Acompaña la charla con un movimiento de su mano derecha y un mechón cae de su peinado. Para Lynch el cine es un lenguaje singular, un medio mágico. Es como ingresar a otro mundo. Una mesa del Bob's Big Boy, una sala frente a un telón rojo o un bosque de abedules. Esa influencia se observa en el escritor japonés Haruki Murakami, para quien un bosque se convierte en la puerta a universos paralelos (Kafka en la orilla) y la mente, un pasillo con puertas cerradas (Crónica del pájaro que da cuerda al mundo). "Es divertido crear esos mundos y tener una experiencia", continúa Lynch. "Vivimos en un mundo que a veces es mucho peor que cualquier cosa que podamos imaginar".
Hay un comercial que puede verse por You tube donde Lynch dice que "nunca, ni en un trillón de años", podrás tener la experiencia del cine desde un teléfono celular. Ahora, sentado a esta mesa, Lynch añade: "No sé realmente qué es lo que está pasando, pero hay una especie de transición". Considera que éste es un momento difícil. "Bajan las representaciones teatrales, la gente no va al cine.
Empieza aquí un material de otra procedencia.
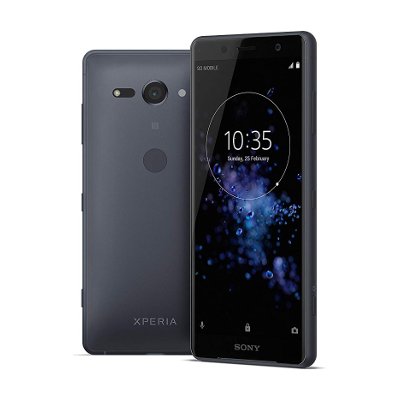 Sony Xperia XZ2 Compact 64GB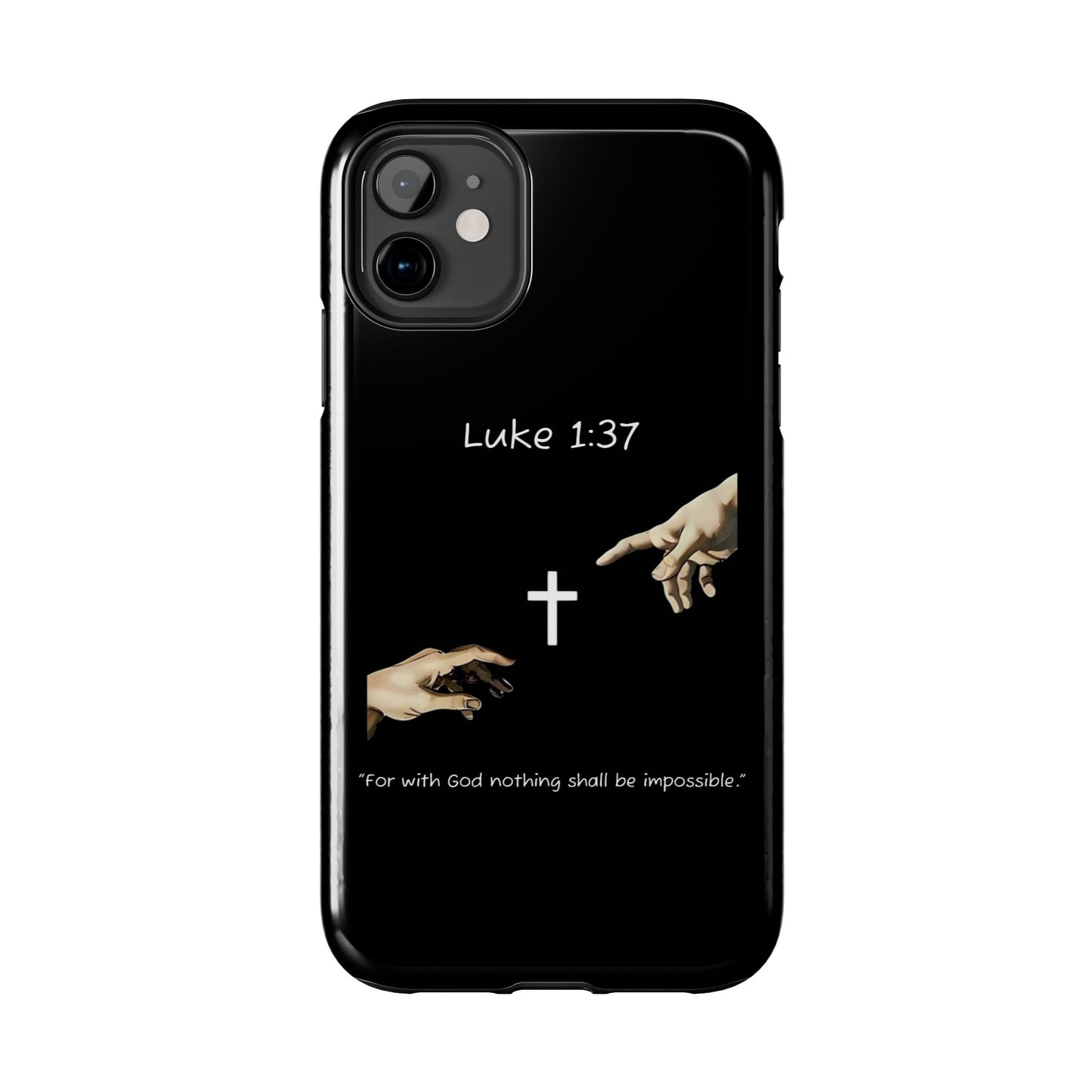 The Christian Case
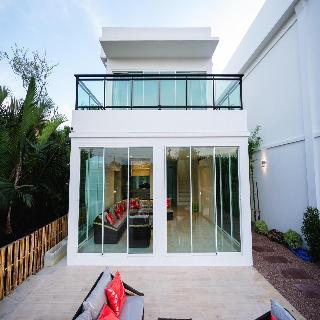 Yunoya Riverside Villa fotoÄŸrafÄ±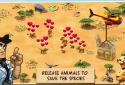Wonder Zoo - Animal rescue ! screenshot 2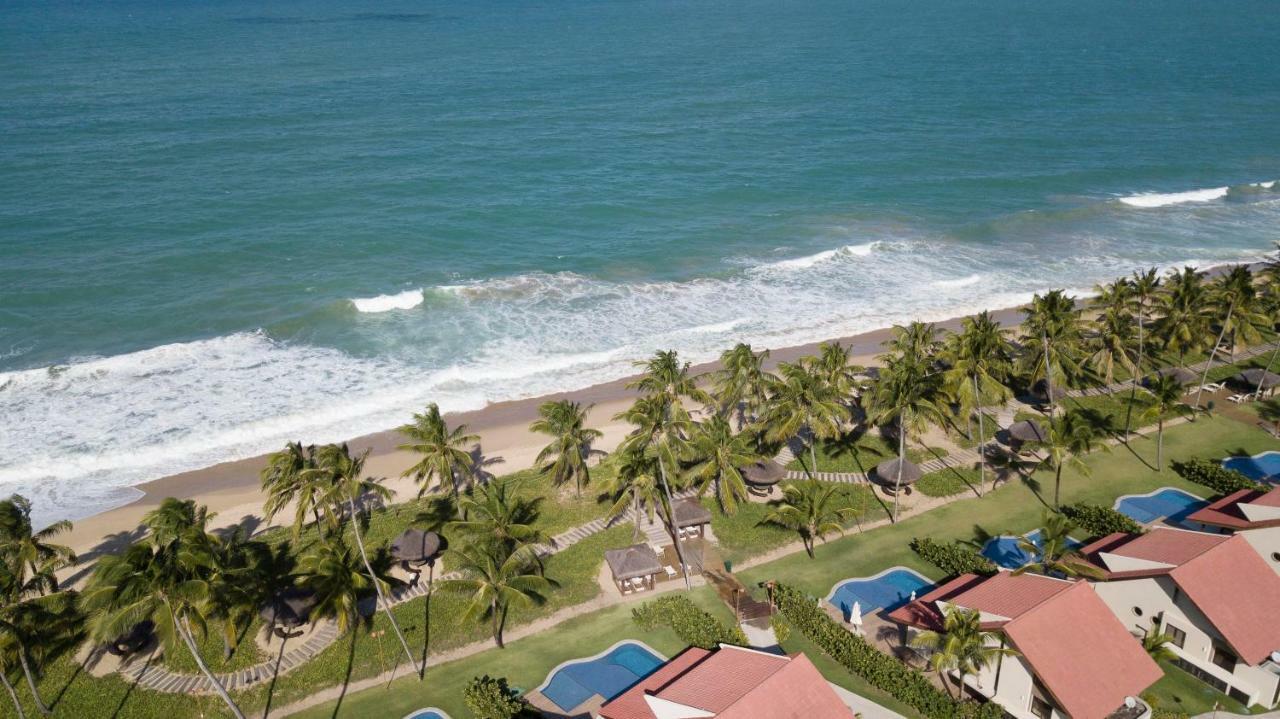 Apto Oka Beach Residence Porto de Galinhas Exterior photo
Se podrían aprovechar todos los elementos adecuados de los teatros para los filmes, elegir el sonido, la pantalla enorme: ahí podemos realmente meternos en otro mundo y tener una experiencia. En la pantalla pequeña, con un sonido horrible, es muy difícil lograrlo". Sin embargo, asegura que el avance de la tecnología digital (Imperio la filmó de este modo) permite una mayor experimentación por parte del realizador. "Estoy adorando el video digital", dice, aunque sus amigos le reprochen la baja calidad de imagen. "La alta definición es una especie de ficción científica. Todo está demasiado claro", dice. Como en la tela, Lynch busca en sus filmes las sombras, la distorsión, el misterio.
En "Imperio" llegó a un nivel de abstracción que, podría decirse, niega el análisis. ¿Qué podemos esperar después?
Trataré de seguir investigando, de experimentar.
Tras Imperio no sabemos, ni
siquiera yo, qué esperar. Por ahora seguiré pintando.
¿Cómo definiría a un artista?
Como alguien que crea experiencias, para él y para
otros. Es como un espectro. Hacer algo nuevo es como dar vida. Todo comienza
con una idea, que son como burbujas que se crean y van subiendo. Así puedes
atraparlas en un nivel superior, más profundo, con más información, más verdad.
Se hace consciente lo inconsciente. En definitiva, se trata de ser feliz. Mucha
gente hace cosas, pero no para ser feliz sino por la recompensa posterior. Pero
las ideas fluyen mejor cuando uno está feliz.
Lynch es el hombre que filmó esa mano extendida con los dedos separados de Lula (Laura Dern), en Corazón salvaje (1990), mientras un desagradable Bobby Perú (William Defoe) la obliga a decir fuck me. Y cuando lo dice, la deja (y nos deja) sin hacerle nada, con la sensación de haber asistido a una "violación verbal" (Chion). La referencia del nombre Bob atraviesa toda su filmografía. Sus pinturas. Todos, incluso el bien peinado Cooper, tenemos un Bob dentro, la representación del mal. "Siempre digo que las películas son historias y en ellas hay contrastes. En mis películas hay mucha oscuridad, pero también hay luz. El contraste es una condición humana", dice el director mientras el sol ingresa por un ventanal enorme.
Así es Lynch. Una colilla aplastada de American Spirit en el interior de una cajita de jabón con la inscripción "love".